O ladrilhador funda cidades geométricas, racionais, enquanto o português – seguindo os caprichos do relevo – vai semeando vilas irregulares, sem planejamento.

Esse espírito aventureiro e imediatista dificultou o amadurecimento das instituições públicas, mas trouxe uma contribuição decisiva para as artes. Seguindo o litoral brasileiro de Pernambuco ao Rio de Janeiro, gêneros musicais germinam irregularmente, sem esforço. Abertos a fusões, seus ritmos parecem buscar o conforto da brincadeira, entre a síncopa e a tercina, saudavelmente desleixados.

Ao revisitarem essas matrizes populares, compositores brasileiros atuantes nesta primeira década do século 21 – todos especialistas nas sutilezas do violão e suas combinações camerísticas — adicionam sentidos sem abdicar da graça.

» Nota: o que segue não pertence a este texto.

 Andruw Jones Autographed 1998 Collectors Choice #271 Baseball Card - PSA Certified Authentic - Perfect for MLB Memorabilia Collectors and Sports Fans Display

De Pernambuco vem o frevo, aqui em forma de fuga brasileiro-bachiana traçada pelo paulista Paulo Bellinati (faixa 1), assim como o baião-frevo-maracatu (aliado à chacona e à fuga) de outro paulista, Paulo Tiné: Rabichola de Cabra (faixa 2) homenageia Hermeto Paschoal e imita a sonoridade do nome do citarista Ravi Shankar.

Sambadalu, cujo título remete à cantora Luciana Souza (faixa 3), é um samba escrito por Marco Pereira, um paulista radicado no Rio de Janeiro.  A introdução nervosa evoca os célebres duetos de Dizzy Gillespie e Charlie Parker – ou de Benedito Lacerda e Pixinguinha – até desaguar na levada difundida pelos cariocas do Estácio.

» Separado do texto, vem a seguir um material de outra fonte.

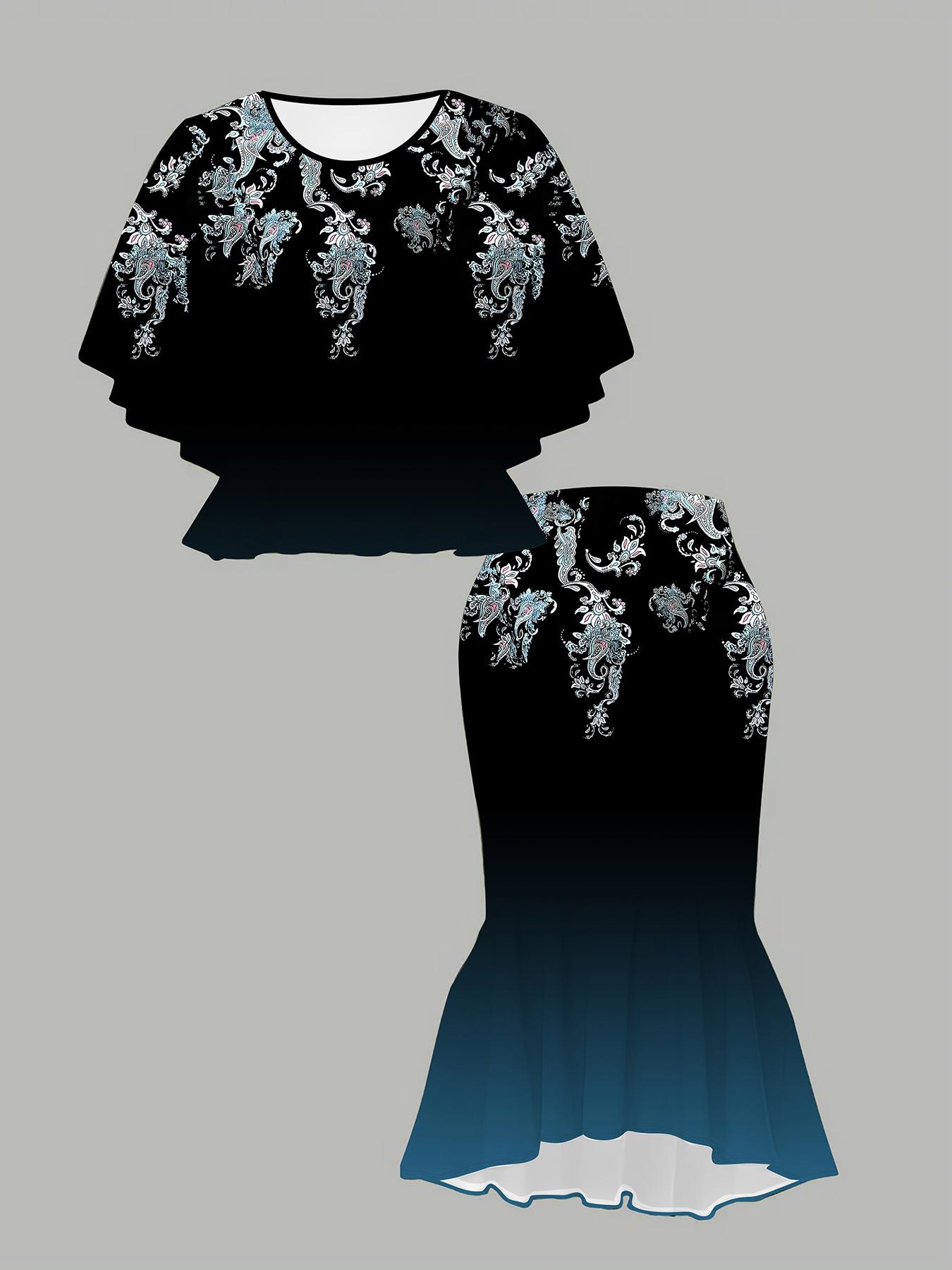 

3D Printed Classical Totem Women s Print, Fashionable Large-sized, Elegant, Versatile for All Seasons. T-shirt, Skirt and Set 1XL синій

Em Carlo’s Dance (faixa 4) Paulo Bellinati evoca a especulatividade de São Paulo, o jequibau, a bossa nova em compasso de cinco tempos inventada por Mário Albanese e Cyro Pereira na década 1960.

Segue-se A Fala da Paixão (faixa 5), uma “canção sem palavras” do fluminense Egberto Gismonti recriada pelo cubano Leo Brouwer como movimento de Gismontiana, concerto para quatro violões estreado no Brasil pelo Quaternaglia.

É a busca da universalidade dos interiores, processo aprofundado em Dança dos Quatro Ventos (faixa 6), virtuosístico galope escrito por Marco Pereira, e Sibéria (faixa 7), valsa de Paulo Tiné com influência de Camargo Guarnieri, que não recusa o jazz e inclui até mesmo uma seção pontilhista dodecafônica.

O retorno ao litoral dá-se através de Açaí com Tapioca (faixa 8), também de Marco Pereira, um “tempo de maxixe” típico da música instrumental do sudeste justaposto ao coco nordestino. O título faz referência a um sorvete popular em Belém do Pará – também chamado “mestiço” ou “paz e amor” – cidade onde a peça foi estreada pelo Quaternaglia com a participação do compositor.

Se Frevo e Fuga foi encomendada a Paulo Bellinati para uma apresentação do Quaternaglia na cidade estadunidense de Columbus em 2010, Baião de Gude (faixa 9) havia sido a primeira obra do compositor dedicada ao quarteto. Sua edição internacional (GSP 201) tem permitido interpretações de diferentes ensembles ao redor do mundo. Voltar a ela doze anos após a primeira gravação é uma forma de celebrar os 20 anos do grupo com a segurança da força das origens.

A partir das referências de Sérgio Buarque, o filósofo paraense Benedito Nunes comenta o fato de as cidades portuguesas na América colocarem em crise praças e jardins – esses símbolos das esferas pública e privada.  Para Nunes, o espaço típico do Brasil é o quintal.

“Enclave do rural no urbano”, o quintal não se abre para a rua, mas, ao contrário, aproxima a casa da natureza ao mesmo tempo em que se afasta igualmente da racionalidade dos jardins.

No quintal semeiam-se os gêneros, ajustam-se os tempos dos ritmos.  Tradicional ponto de encontro para a prática da música espontânea, é também lugar de contemplação íntima e – conforme definiu Manuel Bandeira – “de treino para a poesia”.

Este CD aposta que a música de câmara ainda pode aprender com os sons dos quintais.